Only the lines from the one containing "Челябинская область, №" through the last line below belong in your copy; transcribe them exactly and omit any pictures.

::::

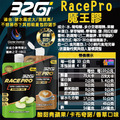 32Gi 魔王膠 Race Pro 卡布奇諾/ 青蘋果 132g_1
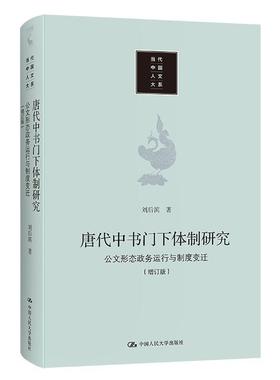 正版包邮 唐代中书门下研究：公文形态、政务运行与制度变迁刘后滨普通大众中书省研究中国唐代门下省研究中政治书籍 人民大学出版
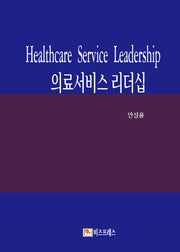 의료서비스 리더십
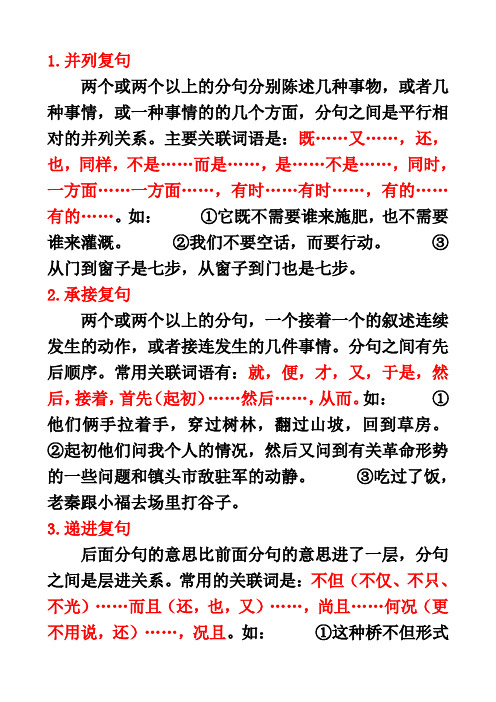 复句主要有八种类型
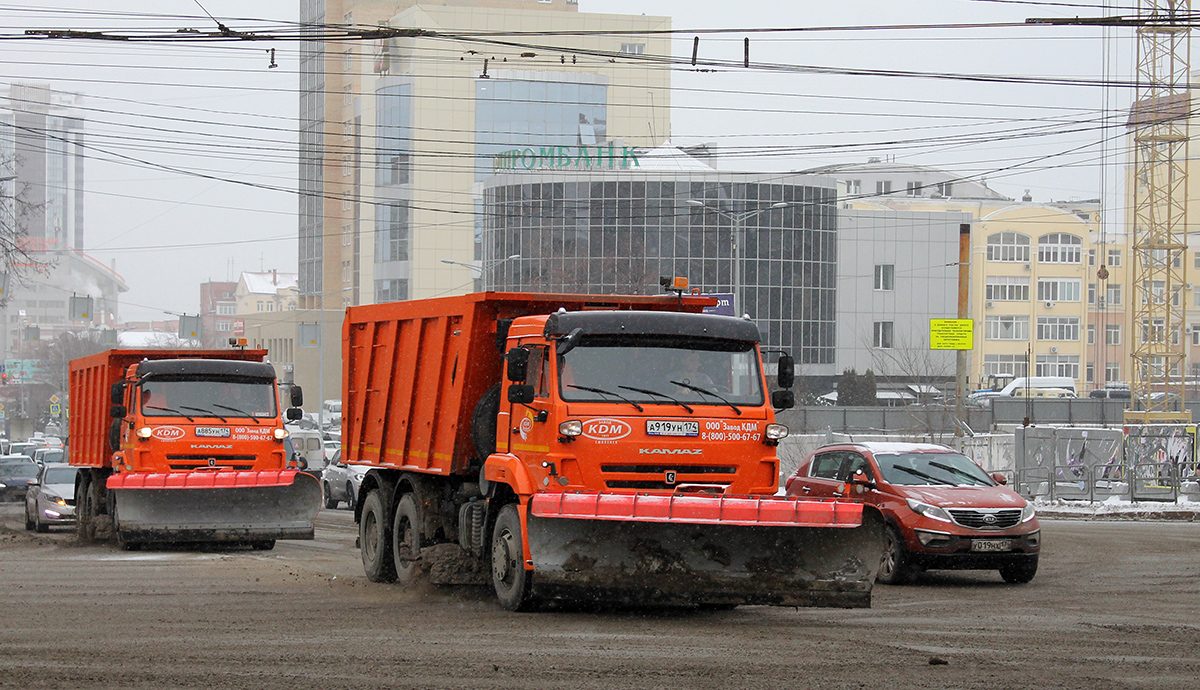 Челябинская область, № А 919 УН 174 — КамАЗ-6520-53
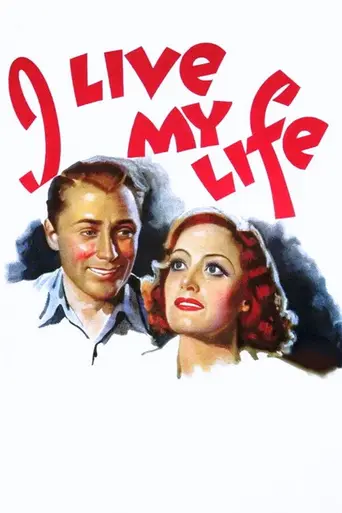 Я живу своей жизнью (1935)
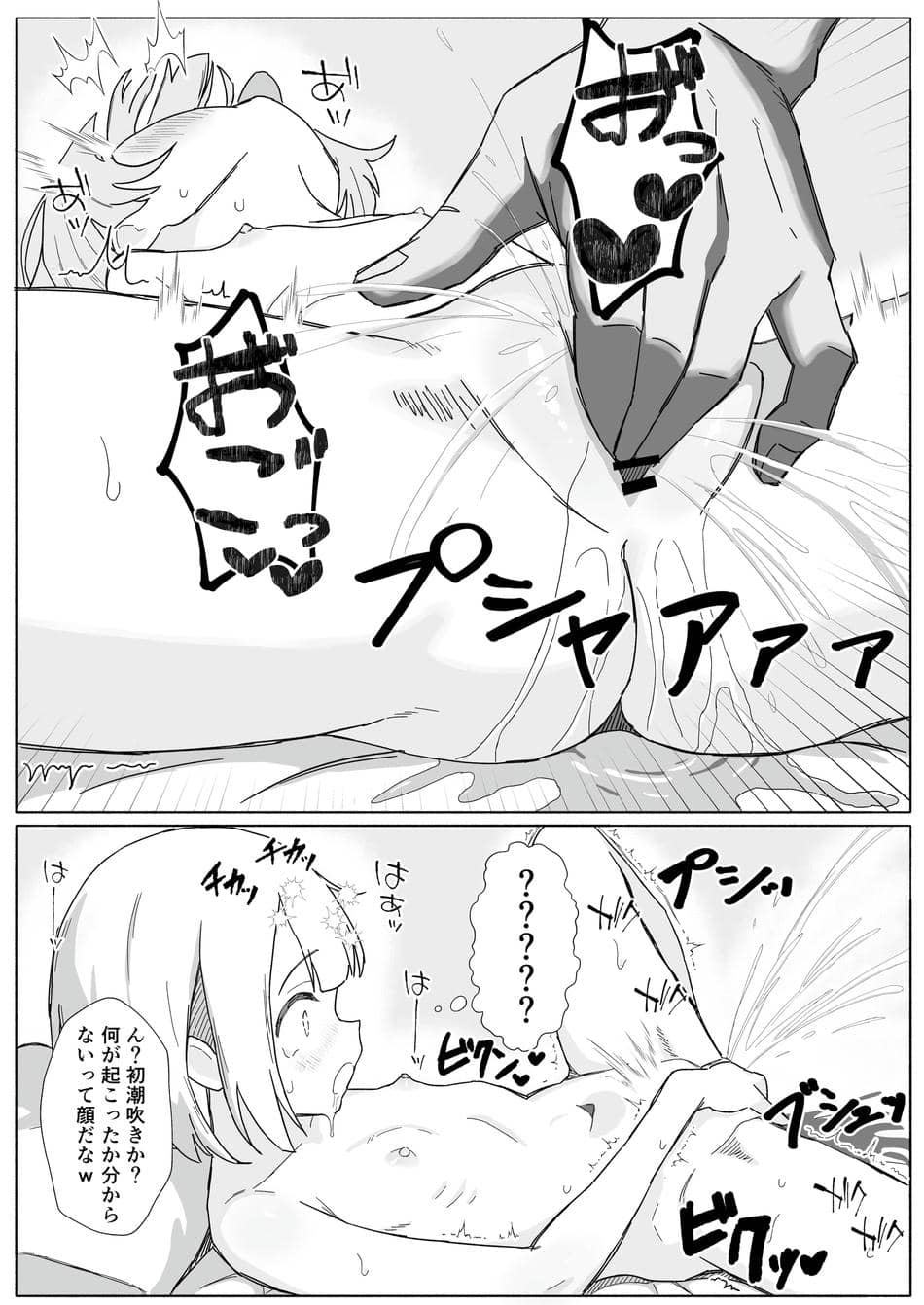 [あいまえ堂] 淫習村の習わし～無知○リっ子ゆきちゃんに強◯種付け～ [Dl版]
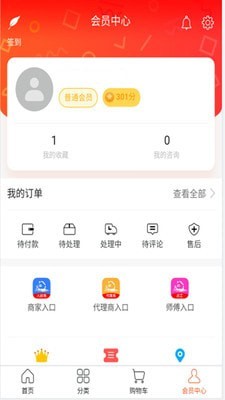 好100
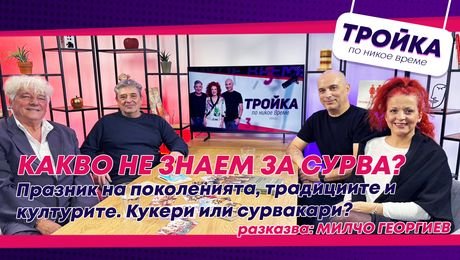 изображение на Какво не знаем за Сурва? Кукери или сурвакари? | Тройка по никое време Podcast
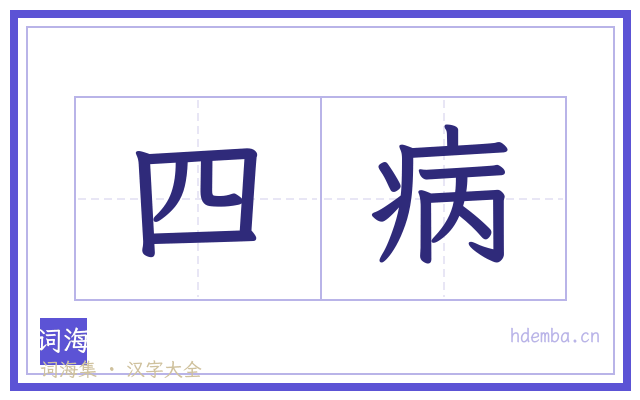四病的书法字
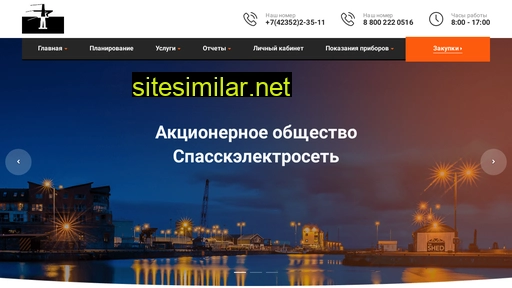 spassk-elenet.ru alternative sites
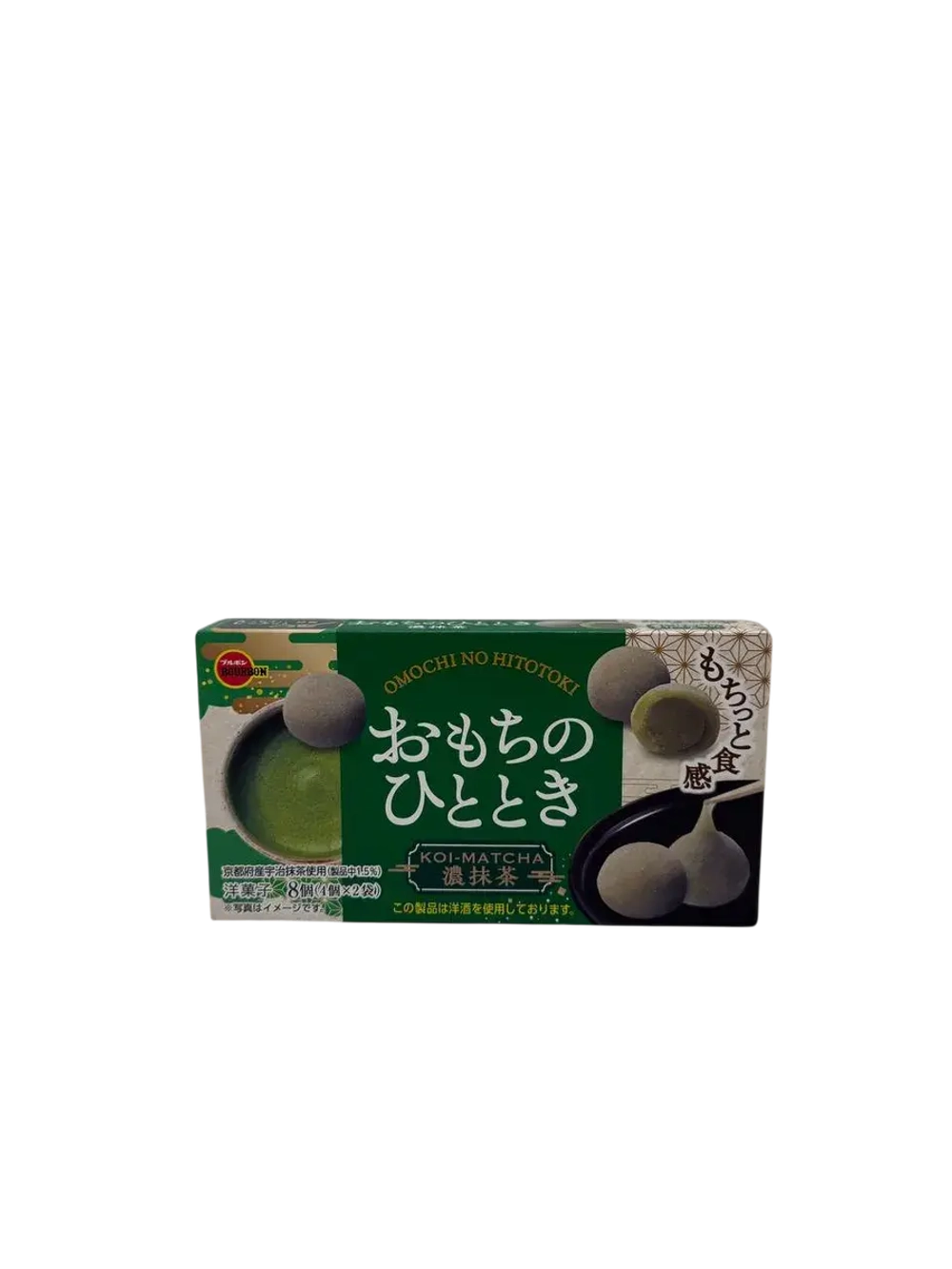 Моти с начинкой из ганаша со вкусом зеленого чая Удзи матча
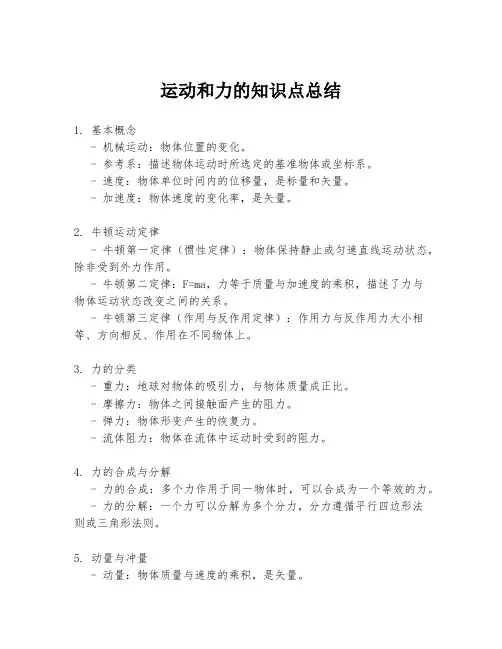 运动和力的知识点总结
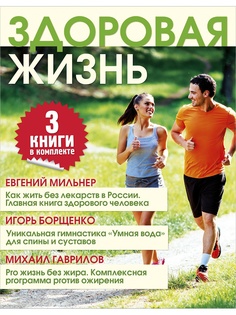 Книги Издательство АСТ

::::

• Your solution:
 Челябинская область, № А 919 УН 174 — КамАЗ-6520-53
 Я живу своей жизнью (1935)
 [あいまえ堂] 淫習村の習わし～無知○リっ子ゆきちゃんに強◯種付け～ [Dl版]
 好100
 изображение на Какво не знаем за Сурва? Кукери или сурвакари? | Тройка по никое време Podcast
四病的书法字
 spassk-elenet.ru alternative sites
 Моти с начинкой из ганаша со вкусом зеленого чая Удзи матча
 运动和力的知识点总结
 Книги Издательство АСТ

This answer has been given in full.